More than a century of public policies and institutional practices have built a system of separate and unequal schools and neighborhoods in the US. That system has been sustained by the choices white people make about where to live and send their children to school.
Policymakers who want to advance neighborhood and school integration need to better understand these choices to design initiatives that influence white families to make more prointegrative choices. Doing so could produce more diverse neighborhoods and schools in the near term and expand white people’s support for more structural reforms to dismantle the separate and unequal system over the long term. But understanding why white people make the choices they do—many of which go against their expressed values—and how to change them will require better evidence.
We suggest four areas for research that could accelerate potential solutions aimed at influencing white people’s choices and dismantling the system of separate and unequal neighborhoods and schools built over generations:
- Measure the long-term impacts for white people of attending integrated schools. Efforts aimed at encouraging white families to choose more diverse neighborhoods and schools would benefit from evidence documenting the circumstances under which integrated schools produce better long-term outcomes for students. New research could take a long-term perspective and examine the kinds of outcomes white parents can expect their children to achieve if they attend integrated schools.
- Develop better measures of school quality. Encouraging families to choose high-quality diverse schools will require better measures of school quality that are less likely to confound school quality with the effects of structural racism, as many test-based measures currently do. Research could develop more differentiated measures of school quality that provide families with information about how students from their socioeconomic group fare.
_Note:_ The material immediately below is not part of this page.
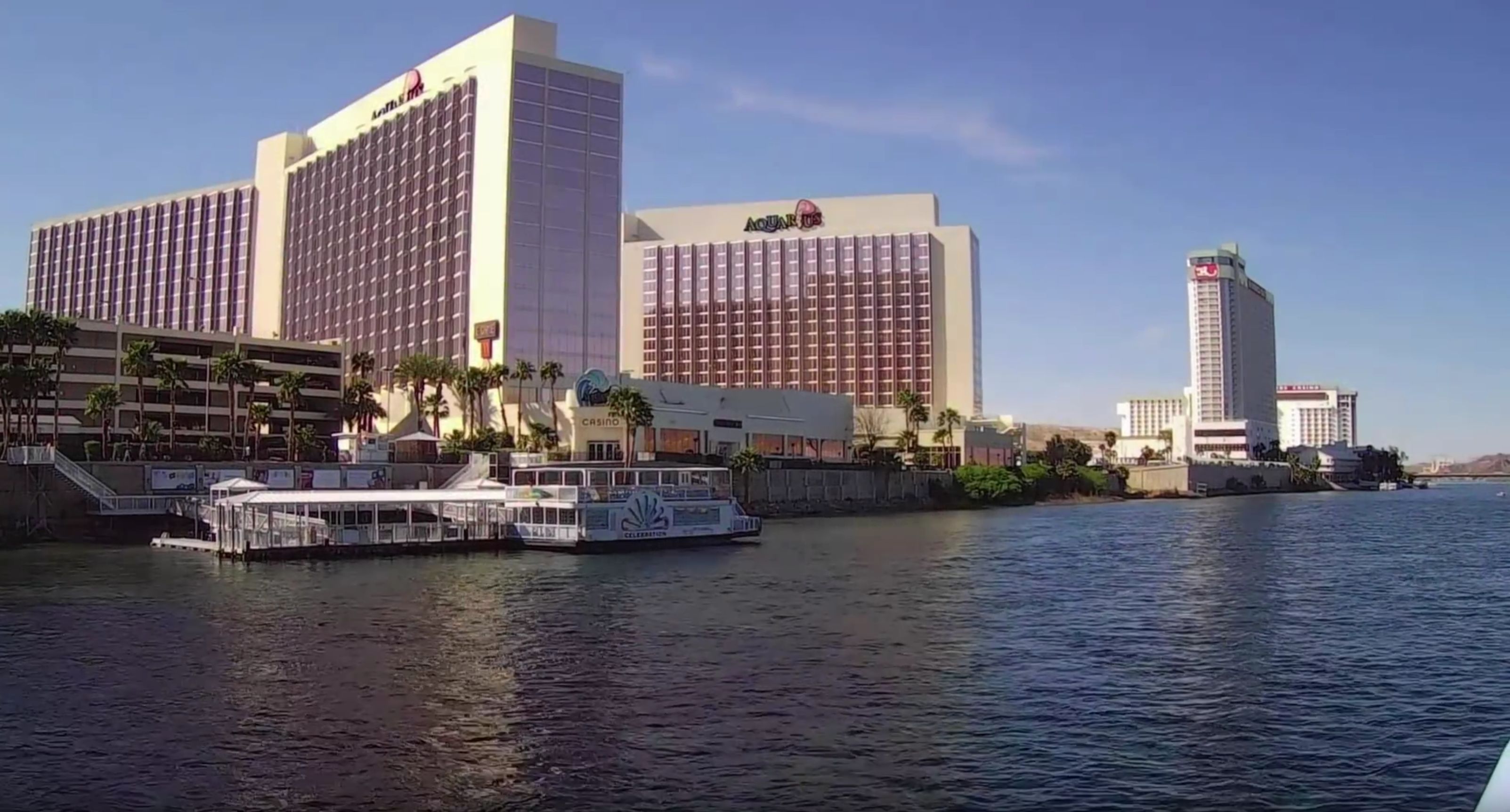 Exterior View of The Aquarius Casino Resort in Laughlin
- Identify and analyze stable neighborhood and school integration. Local planners and school administrators need to know what actions they could take to expand the supply of stably integrated neighborhoods and schools. A rigorous collection of in-depth case studies focused on census tracts and schools that have achieved and maintained stable integration, particularly the integration of white people with Black people, could help fill this knowledge gap.
- Estimate the potential effectiveness of different mortgage financing incentives. One avenue for promoting integration is enticing homebuyers to consider diverse neighborhoods. But we know little about whether incentives like down payment assistance or below-market interest rates would induce homebuyers to choose neighborhoods in which their race or ethnicity does not predominate. One strategy for filling these knowledge gaps would be to launch a pilot program, testing the effectiveness of alternative incentive packages under different market conditions.
Changing white people’s behavior alone cannot dismantle segregation, but meaningful and sustainable neighborhood and school integration is unlikely to be achieved without changing white people’s choices. Changing white people’s choices could contribute to a larger portfolio of tools for dismantling today’s system of separate and unequal neighborhoods and schools. Filling the knowledge gaps we have identified would be an important step in that direction.